**About this exercise**
Within the lines below, the span from the line with "豆腐とちくわとわかめとネギのお吸い物" to the line with "Residential Home for", both ends included, is to be reproduced exactly, with pictures omitted.

**Source material**
^^^^^^^^
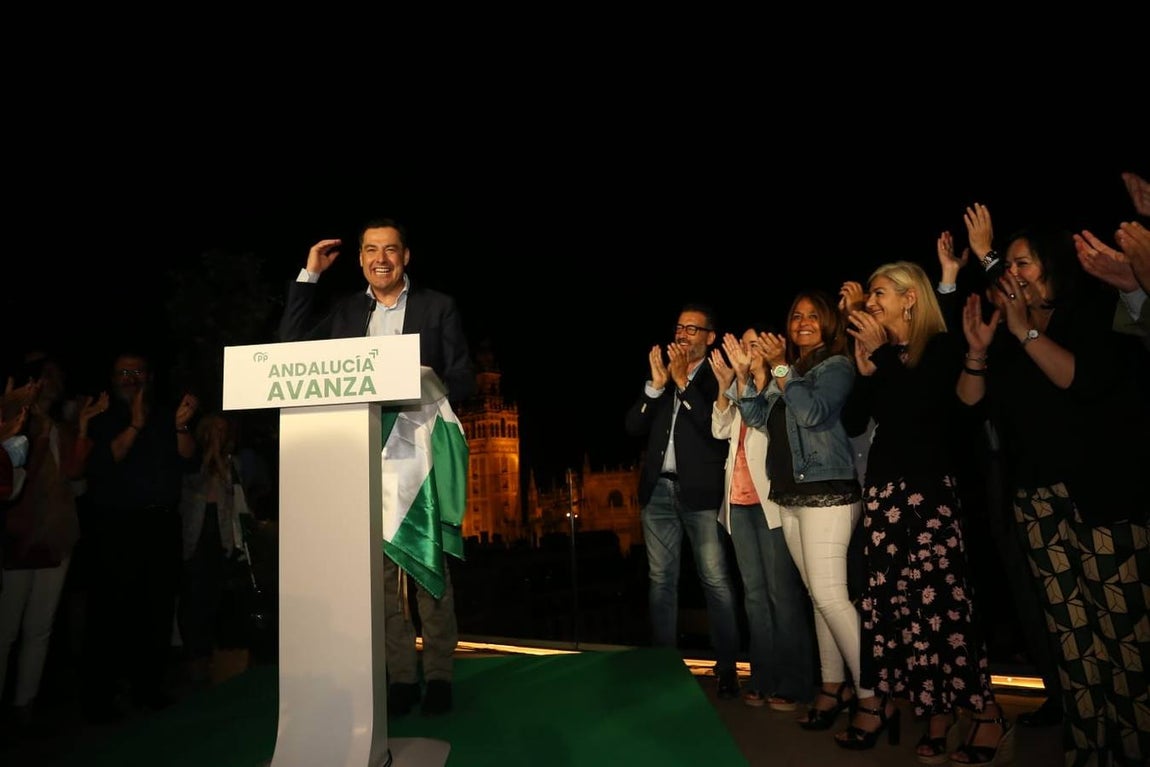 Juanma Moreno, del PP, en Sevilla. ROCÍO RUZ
^^^^^^^^
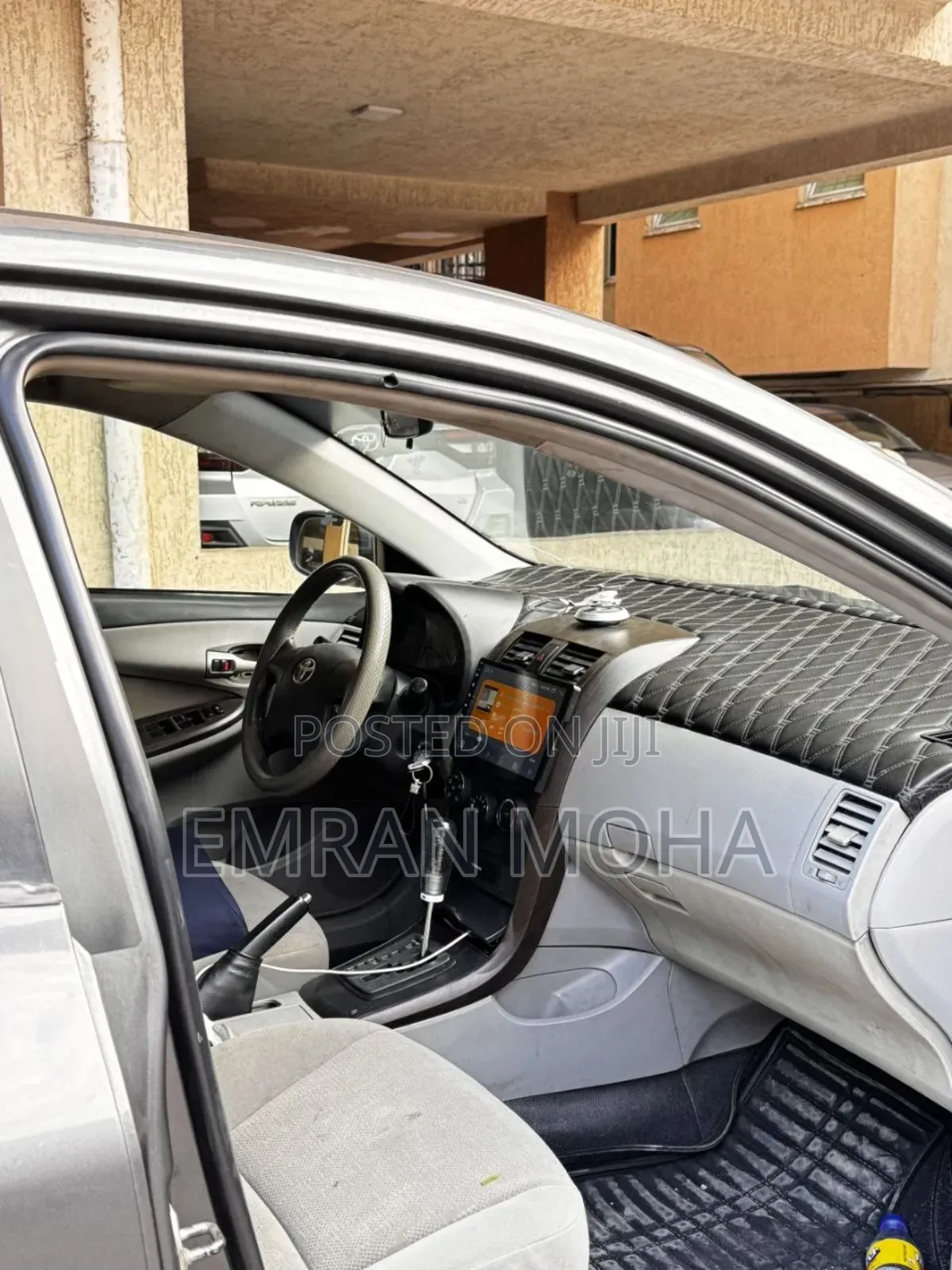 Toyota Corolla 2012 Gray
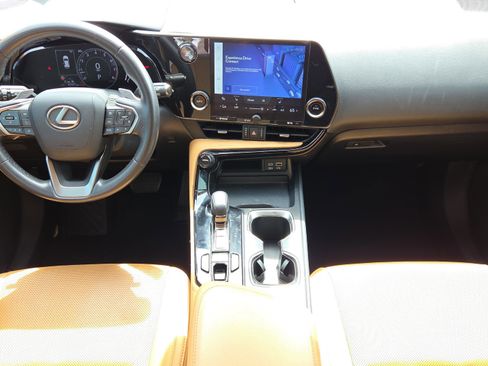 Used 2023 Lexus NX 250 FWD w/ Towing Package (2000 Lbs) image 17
^^^^^^^^
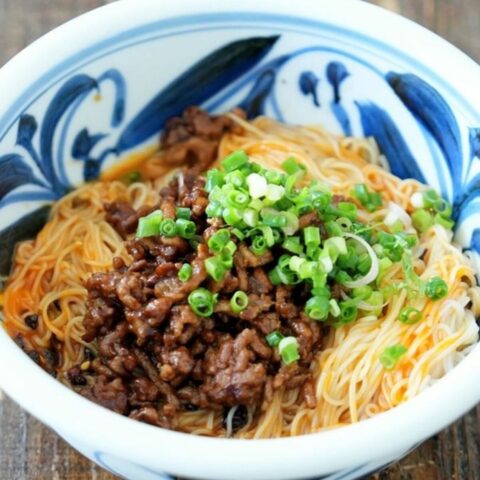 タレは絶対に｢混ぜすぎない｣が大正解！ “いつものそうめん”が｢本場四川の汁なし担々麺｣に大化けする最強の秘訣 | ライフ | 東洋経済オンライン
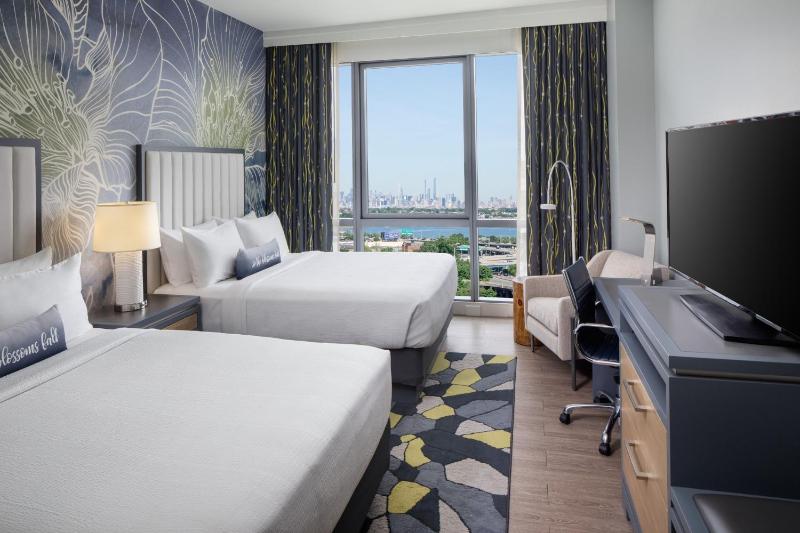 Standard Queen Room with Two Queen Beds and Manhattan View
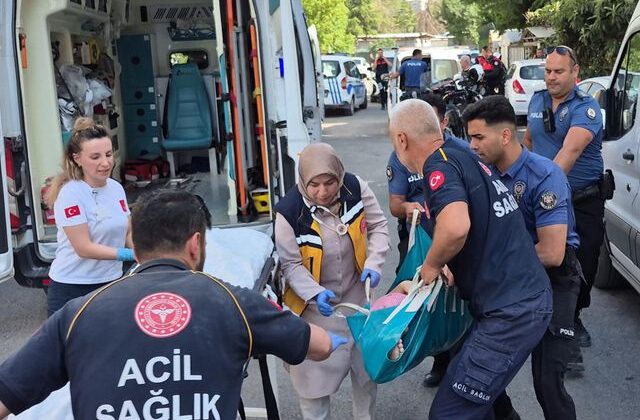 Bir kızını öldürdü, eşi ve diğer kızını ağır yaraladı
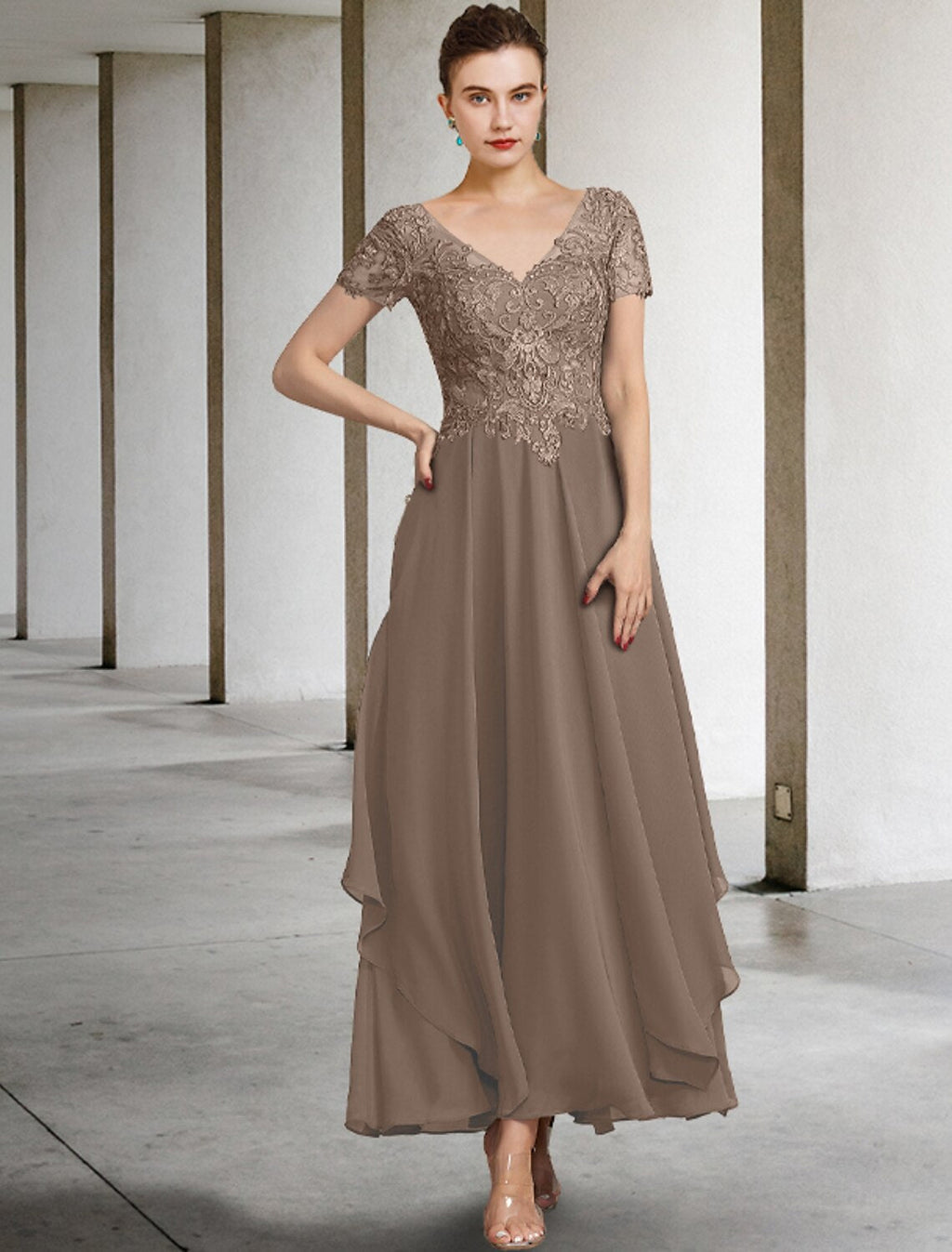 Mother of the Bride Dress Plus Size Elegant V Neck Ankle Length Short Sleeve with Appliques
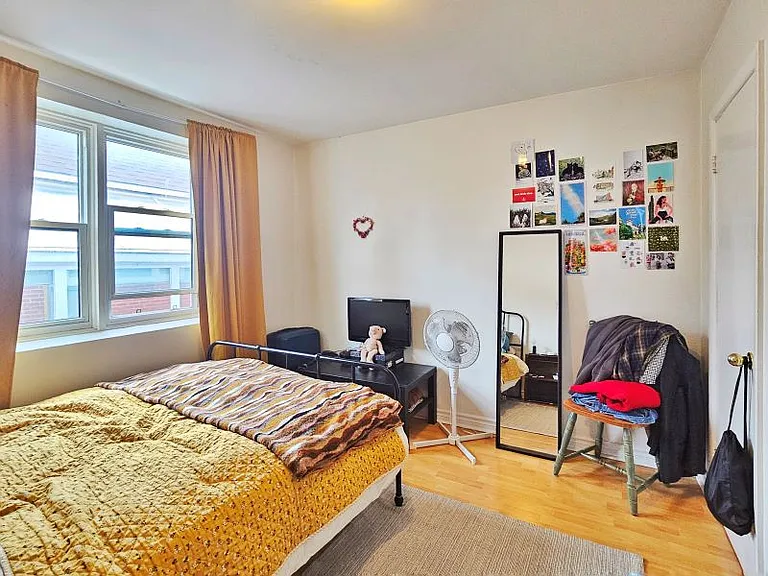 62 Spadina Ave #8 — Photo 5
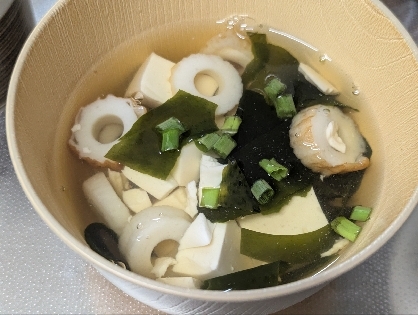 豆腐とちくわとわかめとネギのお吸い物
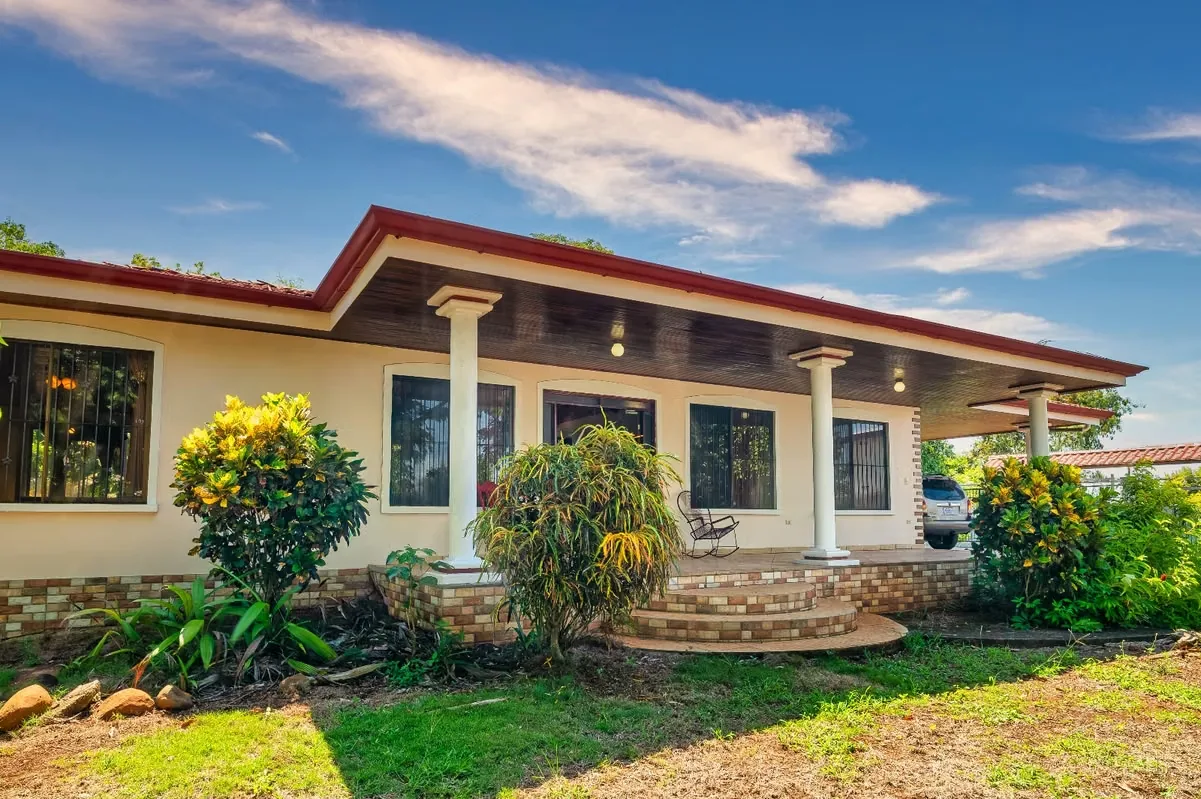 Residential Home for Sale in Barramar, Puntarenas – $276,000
^^^^^^^^
**Output for this exercise**
 豆腐とちくわとわかめとネギのお吸い物
 Residential Home for Sale in Barramar, Puntarenas – $276,000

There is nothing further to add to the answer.